A high-utilization “floating pipeline” trading at an asset discount—where equity upside hinges on orderly deleveraging and a successful 2026 refinancing in a tightening Brazil shuttle-tanker market.
Overview
KNOT Offshore Partners LP (KNOP) is a NYSE-listed master limited partnership formed in 2013 to own and operate a fleet of modern, high-spec DP2 shuttle tankers that transport crude from offshore production units (notably FPSOs) to onshore terminals.

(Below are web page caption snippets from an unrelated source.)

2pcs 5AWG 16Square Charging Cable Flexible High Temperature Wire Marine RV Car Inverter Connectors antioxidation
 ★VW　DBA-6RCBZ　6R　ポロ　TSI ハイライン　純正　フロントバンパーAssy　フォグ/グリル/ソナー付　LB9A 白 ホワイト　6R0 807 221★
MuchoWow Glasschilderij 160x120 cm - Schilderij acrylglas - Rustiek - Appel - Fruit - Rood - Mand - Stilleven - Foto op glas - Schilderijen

The partnership’s model is closer to infrastructure than commodity shipping: revenue is primarily generated under long-term fixed-rate time charters (and select bareboat charters), producing high cash-flow visibility and limited direct sensitivity to oil price swings. As of early 2026, KNOP operates 19 shuttle tankers (average age ~10 years) serving blue-chip counterparties such as Petrobras, Equinor, Shell, and TotalEnergies, supported by a strong reliability record (near-99.5% scheduled utilization in 2025). Strategically, KNOP is in a transition phase after cutting distributions in 2023 to prioritize deleveraging; a sponsor take-private proposal at $10/unit was terminated in March 2026, keeping the equity public but highlighting governance/valuation tension. The near-term focus is securing late-2026 refinancing while benefiting from a tightening Brazilian shuttle tanker market and a heavily contracted forward schedule (majority of 2026 already secured).